In the euro area, signs of recovery have been more lacklustre of late, with the ECB providing a strong hint that it will sanction more QE (and/or a possible rate cut) at its next Council meeting on 3rd December.
We have argued here that for the euro’s downtrend to stay in place an interest rate cut must be delivered at the very least.
The Bank of England has not sounded particularly aggressive on raising rates in recent months, but we get the sense Threadneedle Street will follow the US Federal Reserve’s lead and raise interest rates in coming months.
This week we got some hawkish signals from BoE member Ben Broadbent who hinted that money markets were being too relaxed in their timing of a 2016 rate rise.
“Looking ahead, we believe the prospect of further ECB stimulus leaves scope for GBP/EUR to rise further over the coming months. We target a move up to 1.45,” say Lloyds.
As the above projections show, it looks as though 1.45 could well represent the maximum for the exchange rate though.
From here Lloyds forecast the pound to fall back against the euro, with potential EU referendum risk, fiscal austerity and the UK’s sizeable current account deficit expected to leave the pound vulnerable.
In addition, the prospect of further stimulus strengthens the possibility of a relative upside surprise to euro area growth next year.

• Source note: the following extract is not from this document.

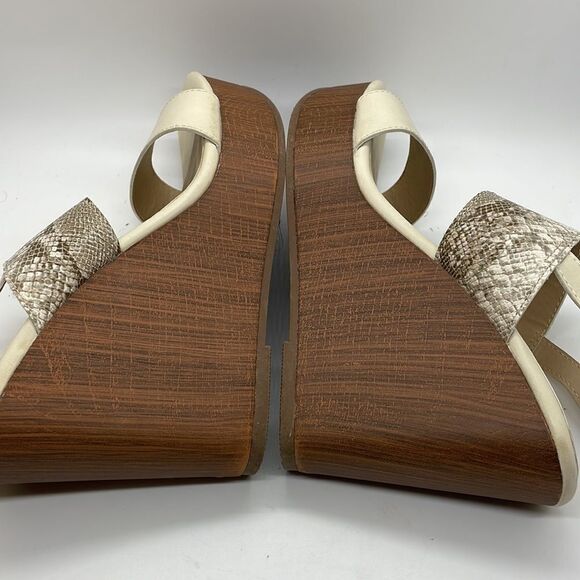 Pop Womens Complete Wedge Sandals Snake Skin Size 7M - Picture 7 of 11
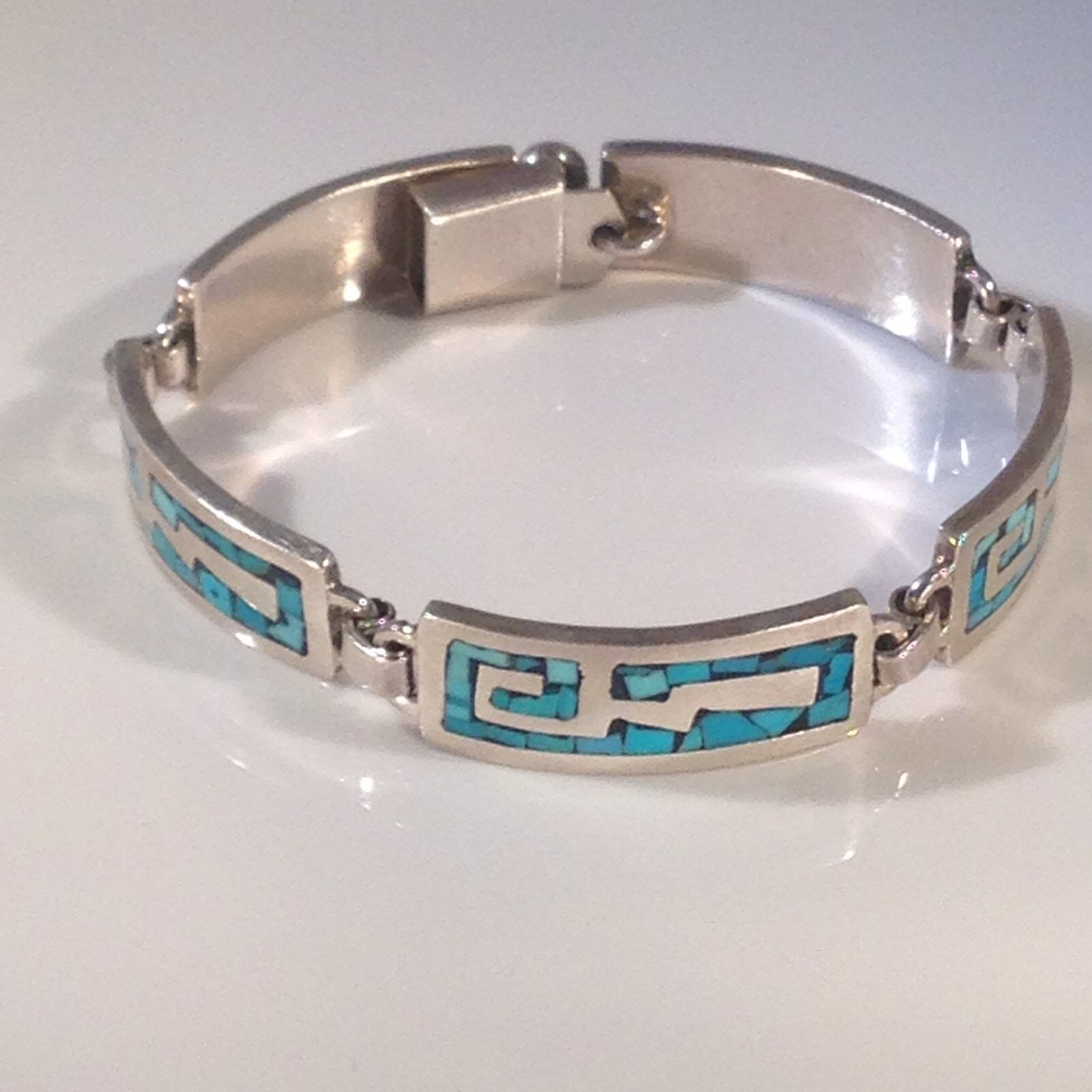 VINTAGE .925 STERLING SILVER TURQUOISE INLAY STATEMENT BRACELET MEXICO 5 LINKS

“We target a move back to 1.36 by end 2016,” say Lloyds.
Praet, Draghi Signals ECB Action - Disappointment is Key Risk to Outlook
As mentioned, a central driver to a weaker euro will be an active European Central Bank.
ECB chief economist Praet indicated that the ECB will announce more measures at its next meeting in early December by highlighting that “the transmission of financial conditions to inflation has taken longer than we anticipated”.
Therefore, “monetary policy needs to remain sufficiently accommodative to offset any headwinds”. In addition, Praet emphasised that there is a risk of inflation expectations becoming “unanchored”
Without mentioning a possible depo rate cut explicitly, ECB president Draghi stressed that while QE is a “particularly powerful and flexible instrument”, “other instruments could also be activated to strengthen the impact of the purchase programme if necessary.
If the ECB does deliver some strong action in December the target set out at 1.45 by Lloyds will come into view a lot faster than anticipated.
However, an underwhelming stance could well see the pound to euro exchange rate make a hasty retreat.